AIM OF THE EXERCISE: After locating the line containing "David Pichler - @twistednerve32 - Instagram" in the entries below, please write out that line and the rest through the end exactly. Omit pictures.

DATA SUPPLIED:
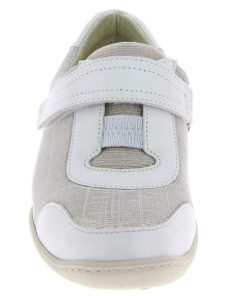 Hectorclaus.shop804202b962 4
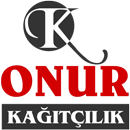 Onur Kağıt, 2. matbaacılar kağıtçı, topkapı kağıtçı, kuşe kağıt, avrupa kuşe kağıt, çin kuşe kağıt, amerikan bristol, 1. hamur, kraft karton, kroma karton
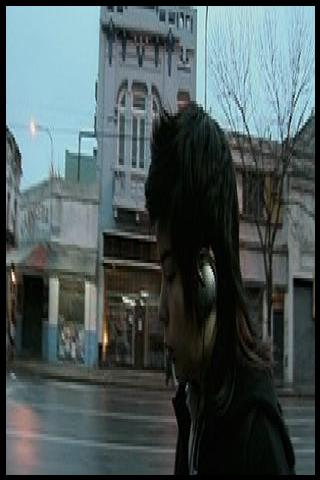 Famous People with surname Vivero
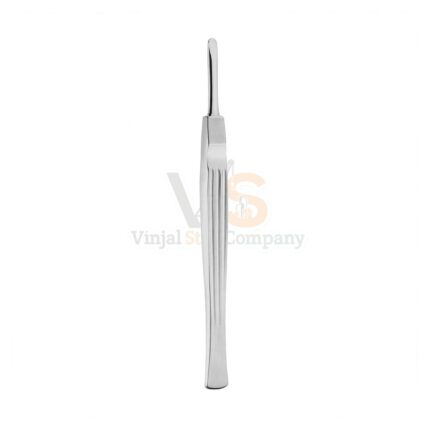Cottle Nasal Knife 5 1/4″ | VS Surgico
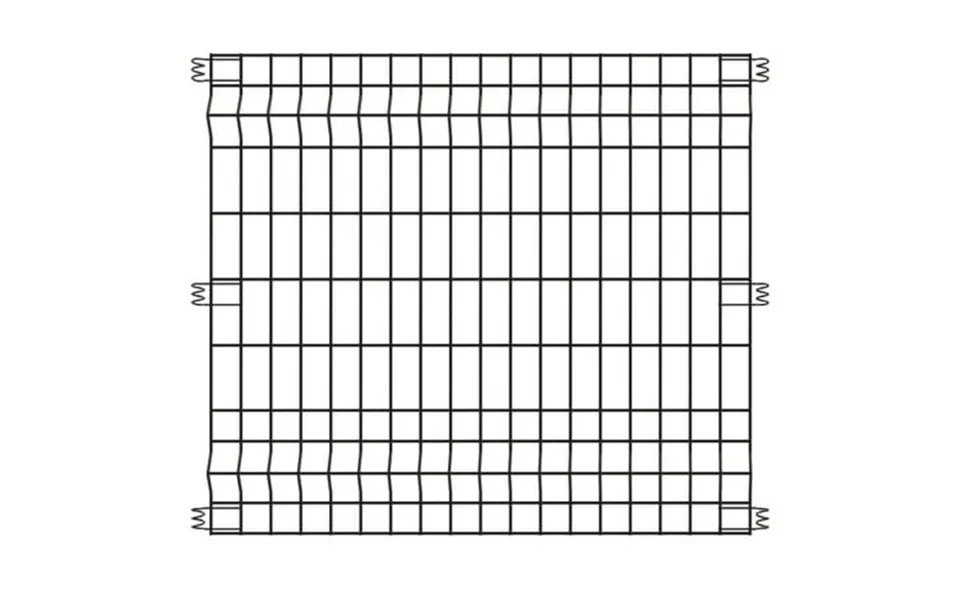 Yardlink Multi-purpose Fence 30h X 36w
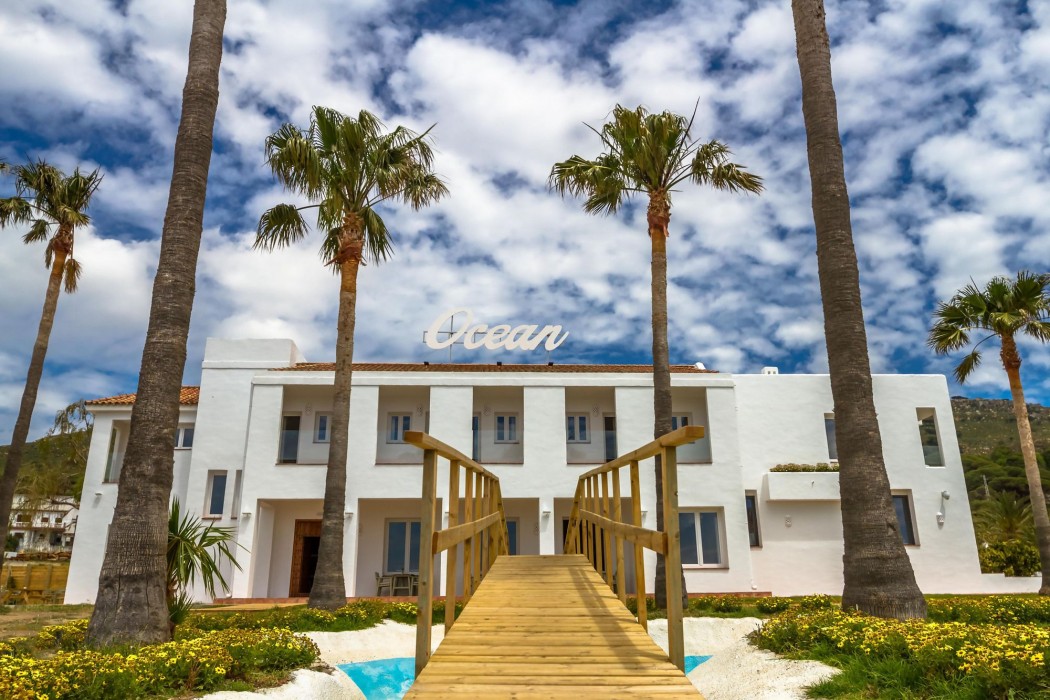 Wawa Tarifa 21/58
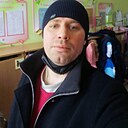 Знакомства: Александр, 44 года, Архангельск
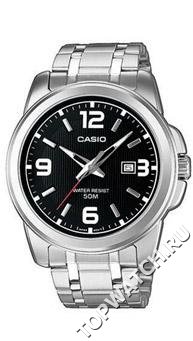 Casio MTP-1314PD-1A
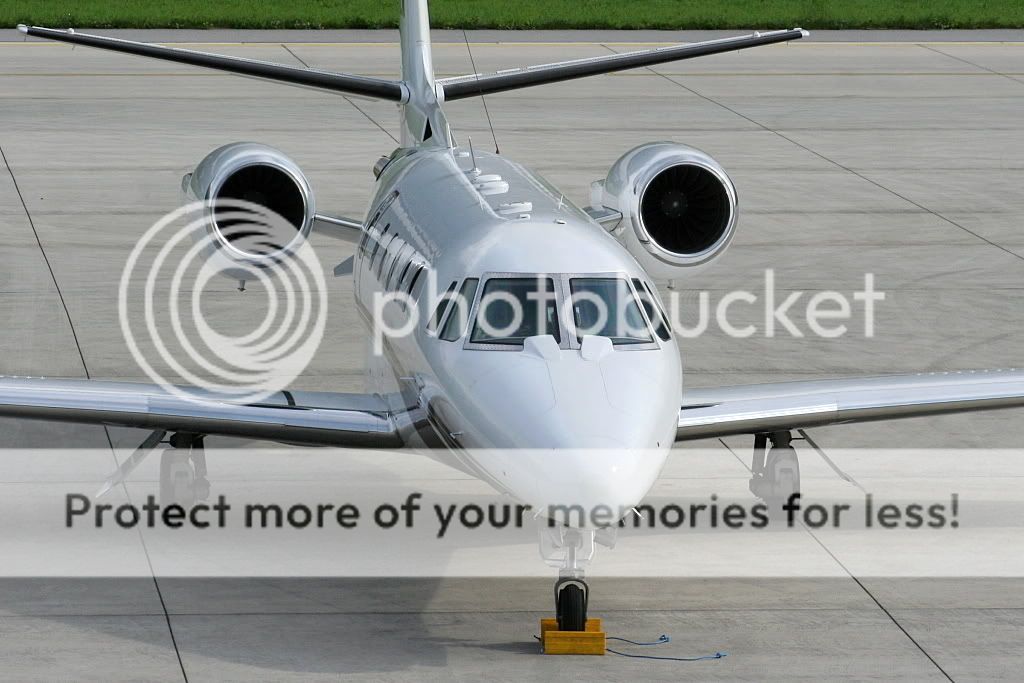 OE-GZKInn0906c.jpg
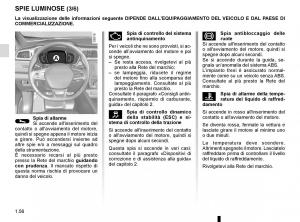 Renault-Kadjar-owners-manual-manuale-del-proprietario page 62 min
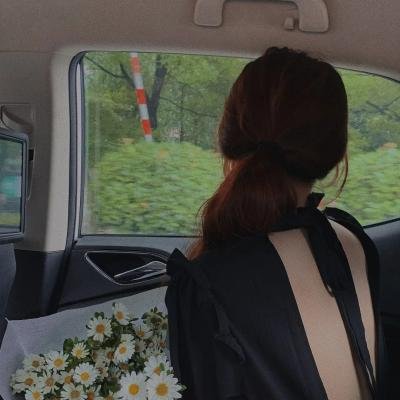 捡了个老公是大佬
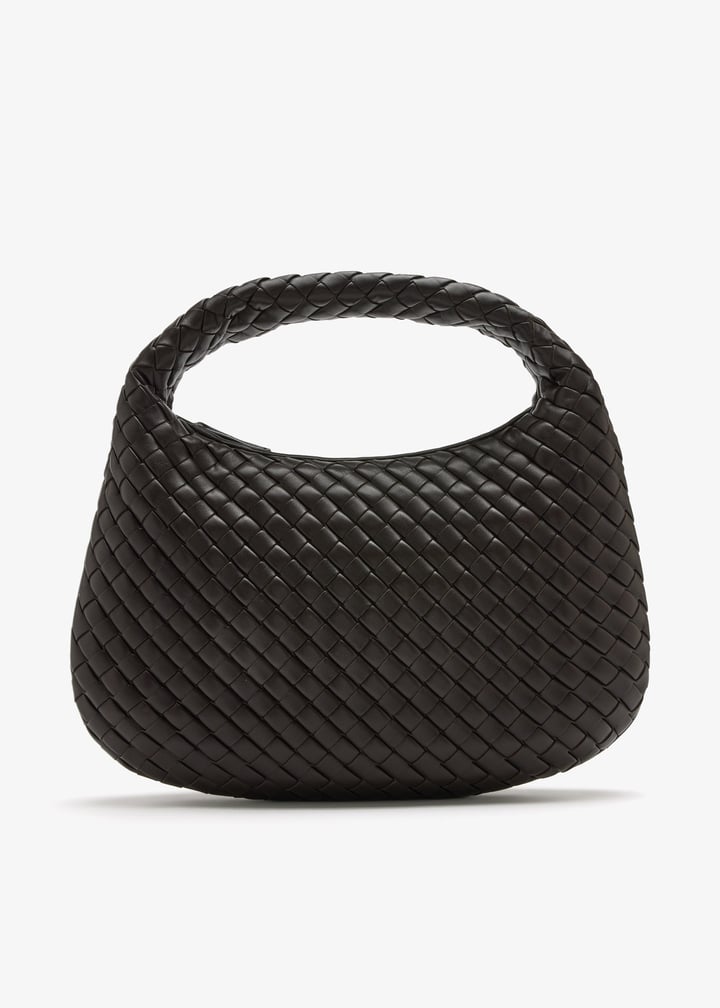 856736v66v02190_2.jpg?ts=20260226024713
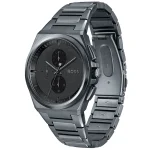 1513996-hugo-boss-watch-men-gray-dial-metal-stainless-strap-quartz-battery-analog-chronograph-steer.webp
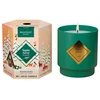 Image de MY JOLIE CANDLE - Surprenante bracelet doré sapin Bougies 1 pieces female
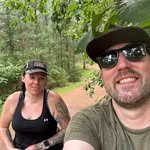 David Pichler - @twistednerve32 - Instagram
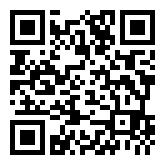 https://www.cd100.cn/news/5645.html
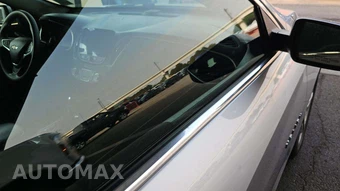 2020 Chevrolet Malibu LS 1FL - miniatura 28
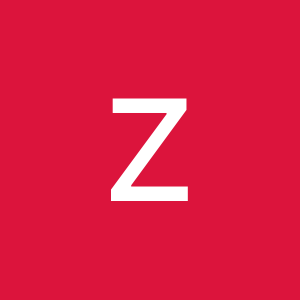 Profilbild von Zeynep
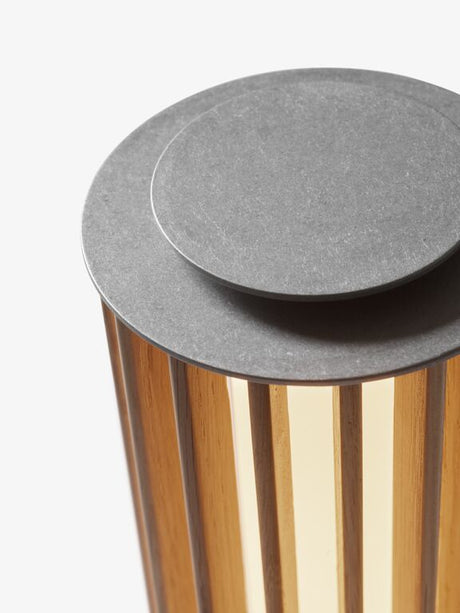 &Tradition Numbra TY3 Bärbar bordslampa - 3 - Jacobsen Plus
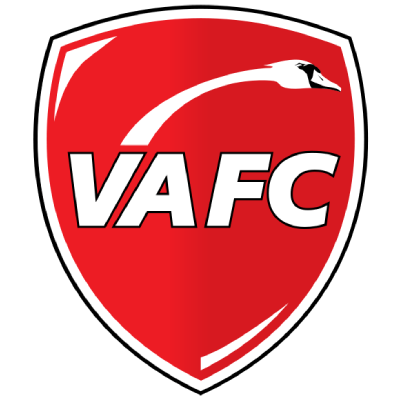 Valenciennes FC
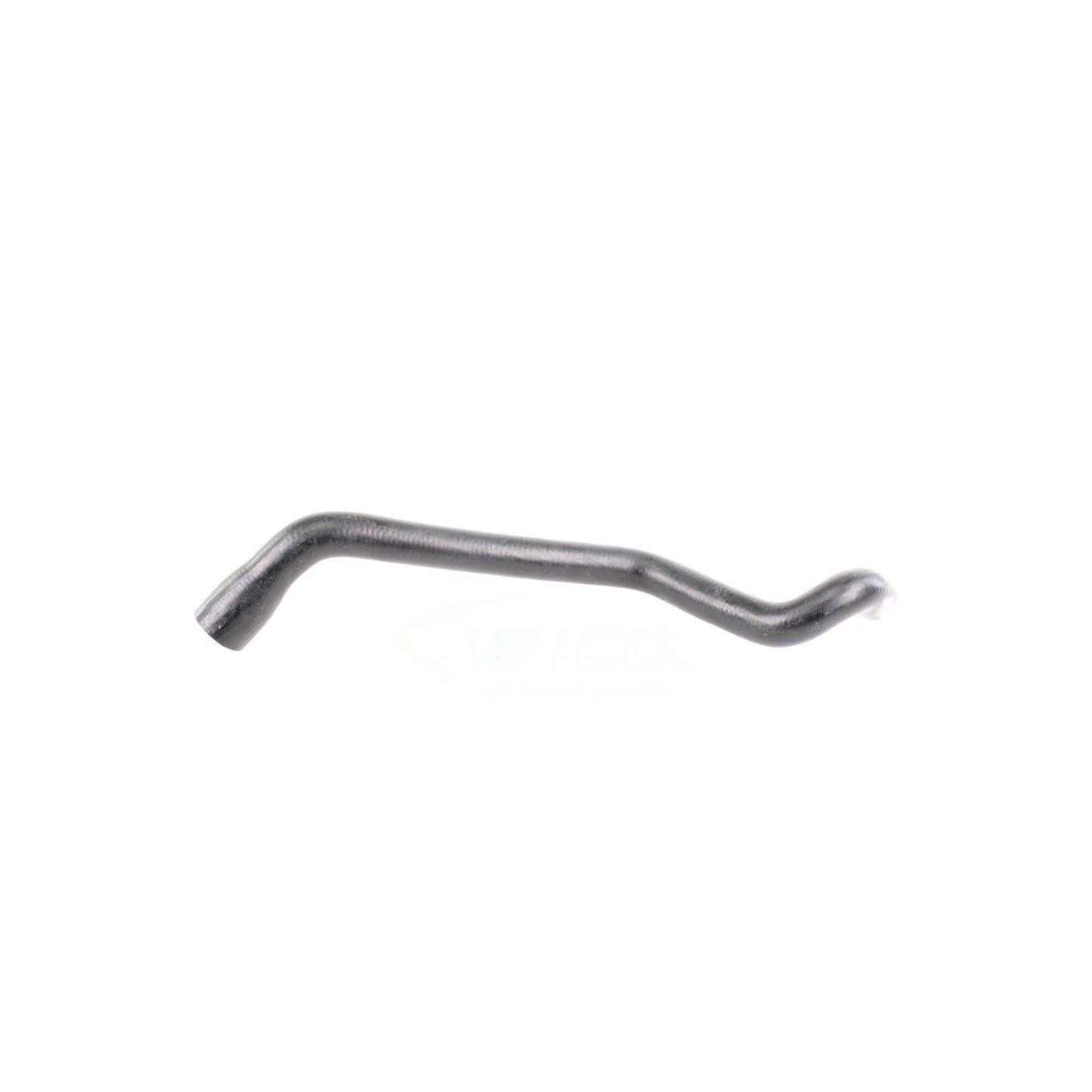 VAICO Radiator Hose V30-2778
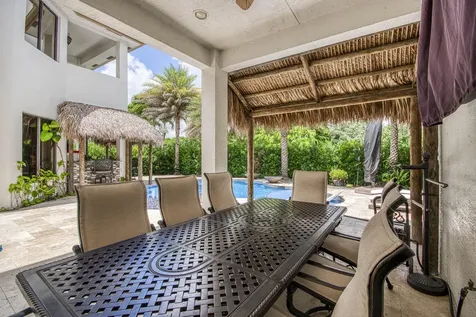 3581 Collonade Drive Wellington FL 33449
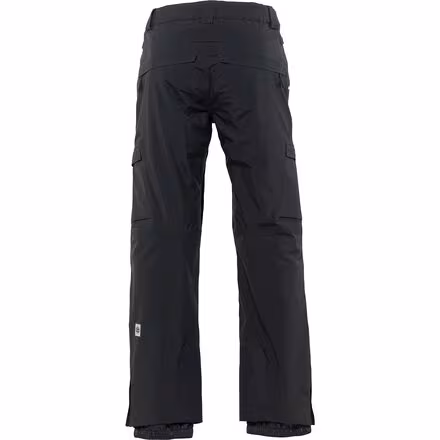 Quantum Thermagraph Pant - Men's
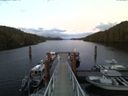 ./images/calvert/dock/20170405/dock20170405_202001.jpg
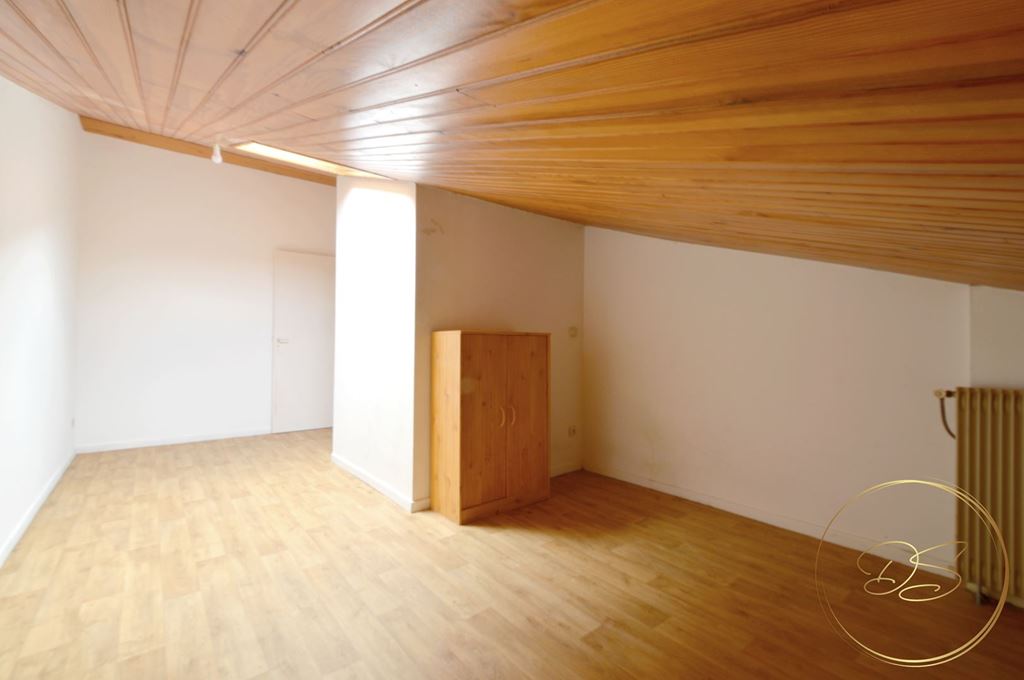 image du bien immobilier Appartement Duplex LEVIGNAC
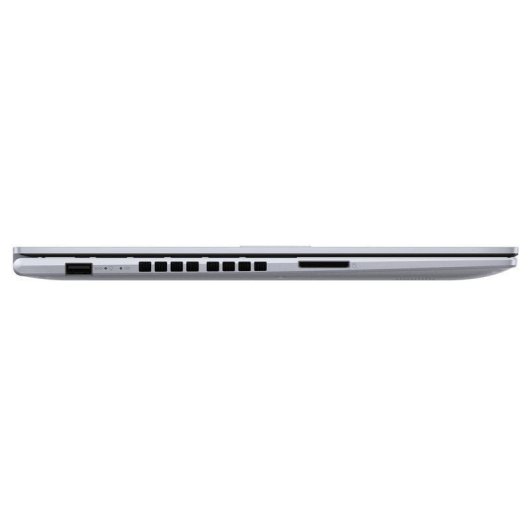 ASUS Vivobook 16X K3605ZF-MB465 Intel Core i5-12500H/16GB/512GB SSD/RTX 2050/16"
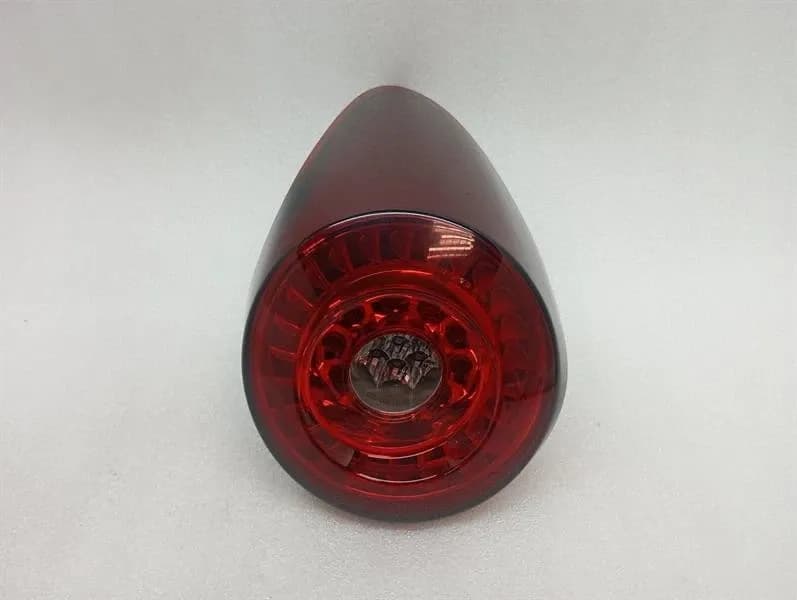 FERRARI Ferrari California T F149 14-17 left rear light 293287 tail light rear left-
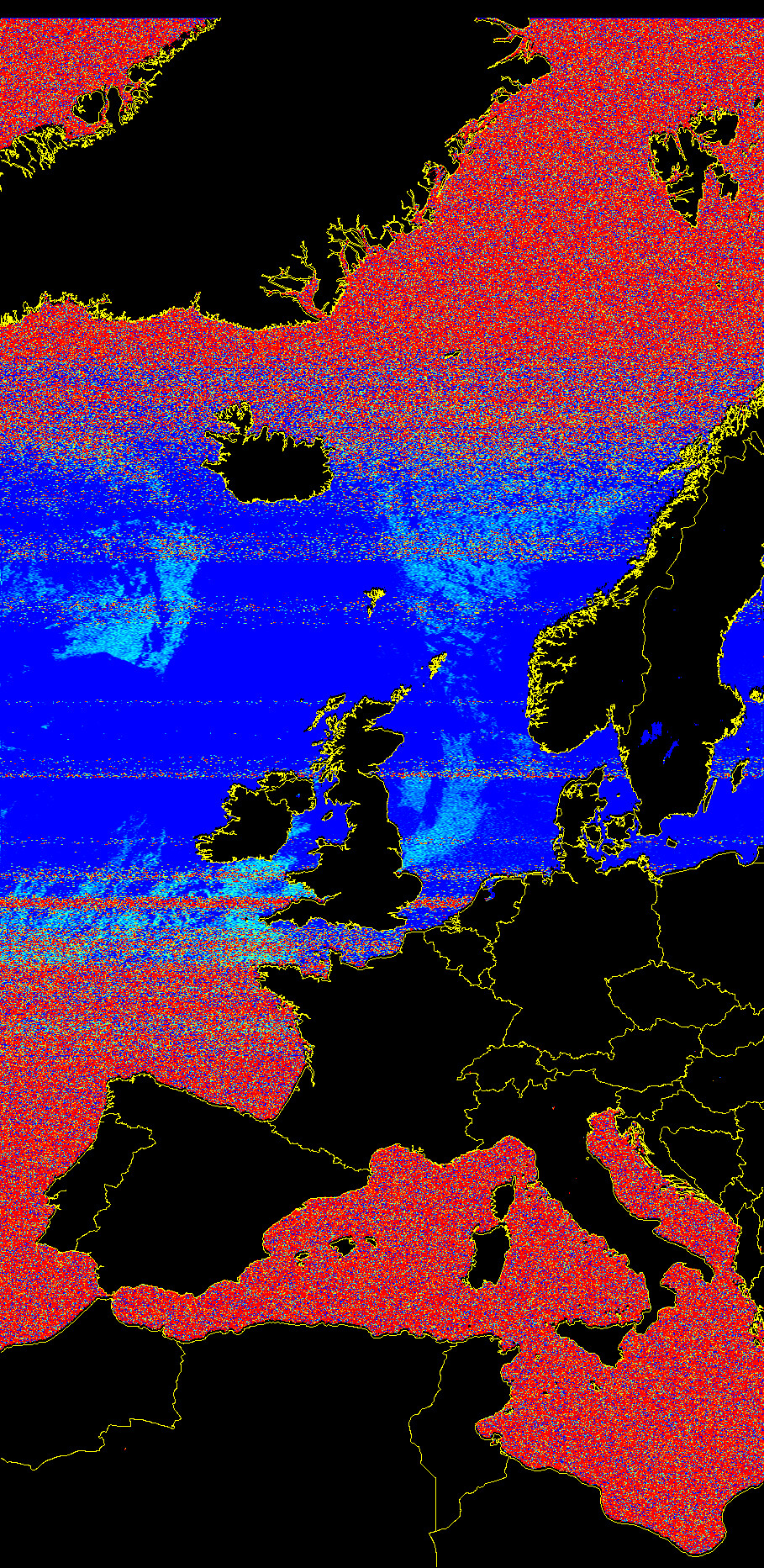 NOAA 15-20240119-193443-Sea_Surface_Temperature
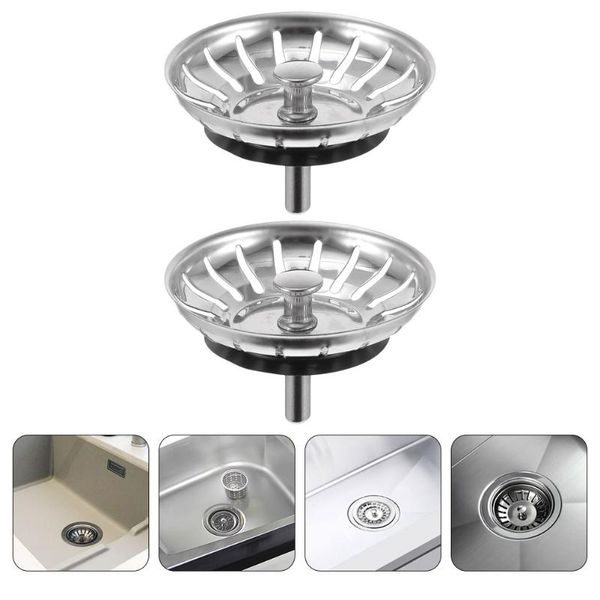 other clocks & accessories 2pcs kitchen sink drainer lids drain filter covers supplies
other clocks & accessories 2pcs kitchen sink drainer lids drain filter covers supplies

EXERCISE SOLUTION:
 David Pichler - @twistednerve32 - Instagram
 https://www.cd100.cn/news/5645.html
 2020 Chevrolet Malibu LS 1FL - miniatura 28
 Profilbild von Zeynep
 &Tradition Numbra TY3 Bärbar bordslampa - 3 - Jacobsen Plus
 Valenciennes FC
 VAICO Radiator Hose V30-2778
 3581 Collonade Drive Wellington FL 33449
 Quantum Thermagraph Pant - Men's
 ./images/calvert/dock/20170405/dock20170405_202001.jpg
 image du bien immobilier Appartement Duplex LEVIGNAC
 ASUS Vivobook 16X K3605ZF-MB465 Intel Core i5-12500H/16GB/512GB SSD/RTX 2050/16"
 FERRARI Ferrari California T F149 14-17 left rear light 293287 tail light rear left-
 NOAA 15-20240119-193443-Sea_Surface_Temperature
 other clocks & accessories 2pcs kitchen sink drainer lids drain filter covers supplies
other clocks & accessories 2pcs kitchen sink drainer lids drain filter covers supplies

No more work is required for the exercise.